El presidente de Estados Unidos, Donald Trump, anunció la imposición de aranceles «recíprocos» contra decenas de países, incluido Bolivia, justificando su decisión en supuestas prácticas comerciales injustas.

Así, el Gobierno de EEUU impuso a Bolivia un «arancel mínimo» del 10%, que entrará en vigencia desde el 5 de este mes. La misma medida afecta a Argentina, Brasil, Chile, Colombia, Costa Rica, Ecuador, El Salvador, Guatemala, Haití, Honduras, Panamá, Paraguay, Perú, República Dominicana y Uruguay.

El mandatario estadounidense impuso aranceles superiores al 10% a decenas de países, incluidos los de la Unión Europea (20%) y China (34%), estos nuevos impuestos entran en vigor el día 9 de este mes.

La lista de los países afectados por los nuevos impuestos de exportación a EEUU no incluye a Canadá ni México —principales socios comerciales de ese país.

El mandatario —quien estuvo acompañado por miembros de su gabinete, congresistas republicanos y trabajadores industriales— argumentó que los aranceles son una respuesta a los impuestos directos e indirectos que otros países aplican a los productos estadounidenses.

«Nos cobran, les cobramos. ¿Cómo puede alguien molestarse?», alegó.

Los aranceles son impuestos aduaneros que, con el libre comercio internacional surgido tras la Segunda Guerra Mundial, fueron progresivamente bajando.

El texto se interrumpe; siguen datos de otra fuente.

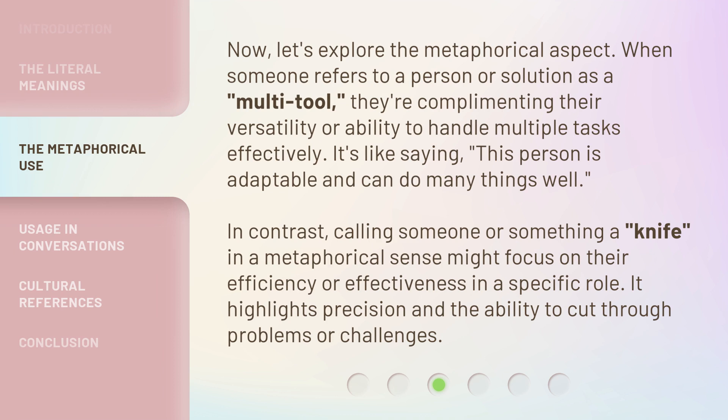Now let's explore the metaphorical aspect. When someone refers to a person or solution as a multi-tool, they're complimenting their versatility or ability to handle multiple tasks effectively. It's like saying this person is adaptable and can do many things well. In contrast, calling someone or something a knife, in a metaphorical sense, might focus on their efficiency or effectiveness in a specific role, highlighting precision and the ability to cut through problems or challenges.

Pero ahora han regresado con fuerza de la mano del presidente de EEUU.

Repercusión en Bolivia

La noticia generó preocupación en sectores y expertos económicos, quienes lamentaron las nuevas dificultades para exportar productos al mercado americano.

Por ejemplo, para el gerente del Instituto Boliviano de Comercio Exterior (IBCE), Gary Rodríguez, «la subida de aranceles hará cuesta arriba la exportación» y calificó la medida como una «triste noticia», que el mercado más apetecido del planeta, Estados Unidos, se haga más difícil de conquistar con nuestros productos.

«Aquí hay una lección aprendida: México y Canadá, que tienen negociado un Tratado de Libre Comercio con EEUU, no sufrirán el castigo arancelario para los productos cobijados por dicho convenio que establece arancel cero para el intercambio recíproco. Con este antecedente, igual tratamiento podrían reclamar países como Chile, Perú, Colombia y otros, bajo la premisa de no discriminación, además que los TLC establecen previsiones para evitar su incumplimiento y una afectación al comercio», señaló Rodríguez al diario cruceño El Deber.

Por su parte, el analista Gonzalo Chávez afirmó que la decisión del Gobierno de Trump «es un golpe directo a sectores clave de exportación bolivianos».

«Al aumentar el costo de acceso a un mercado grande, Bolivia pierde competitividad, ingresos en divisas, empleo y confianza. Como economía pequeña, no tiene margen de presión, y la medida puede tener efectos negativos multiplicadores si no se diversifican los destinos de exportación y no se mejora la productividad», acotó a través de un post en sus cuentas en las redes sociales.